# Conditional Variance of an ARMA(p,q) or even just ARMA(1,1) to illustrate...

I know how to derive the unconditional variance but I want to show that, for example in a standard (i.e. not mixed with ARCH) ARMA(1,1) that the conditional variance at time t, conditional on information to time t-1, is constant. I assume this is the case because otherwise ARCH wouldn't make sense since it's whole purpose is to introduce non-constant conditional variance.

I think I have an answer but it boils down to something I'm not sure on, goes like this.

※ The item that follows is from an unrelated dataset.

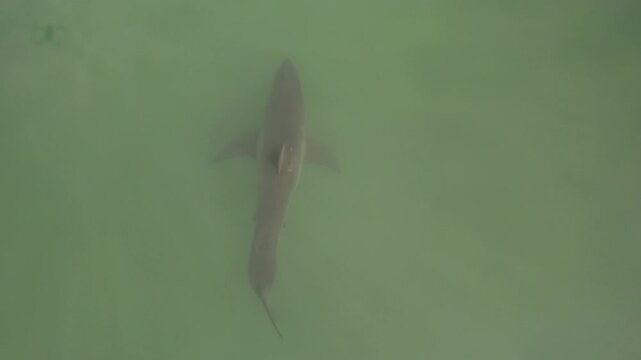Great white shark in murky green water from above
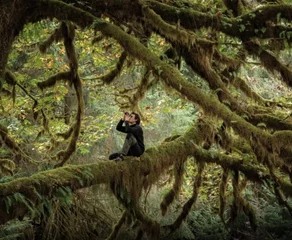 Το Τραγούδι του Δάσους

$Var(X_t|F_{t-1})=Var(\epsilon_t +(\phi+\theta )\sum_{i=1}^\infty \epsilon_{t-i}|F_{t-1})=Var(\epsilon_t|F_{t-1})=E[\epsilon_t^2|F_{t-1}]$

where I believe that the whole 2nd term:

$(\phi+\theta )\sum_{i=1}^\infty \epsilon_{t-i}$

Is a constant, conditional on $F_{t-1}$, so that just leaves the first term. At this point can I just assume that the error term at time "t" is independent of $F_{t-1}$ so that:

$E[\epsilon_t^2|F_{t-1}] =E[\epsilon_t^2]=\sigma^2$

This if for a standard ARMA(1,1) i.e

$X_t=\phi_1X_{t-1}+\theta_1\epsilon_{t-1}+\epsilon_t$ with $\epsilon_t$~$WN(0,\sigma^2)$ (not strict white noise)

Please let me know if this is right or if I've made an error.

In ARMA$(p,q)$ $\epsilon_t$'s are independent of each other and $\epsilon_t$ is independent of $X_{t-i}, i\geq 1$, therefore your assumption is correct i.e. $\epsilon_t$ is independent of $F_{t-1}$.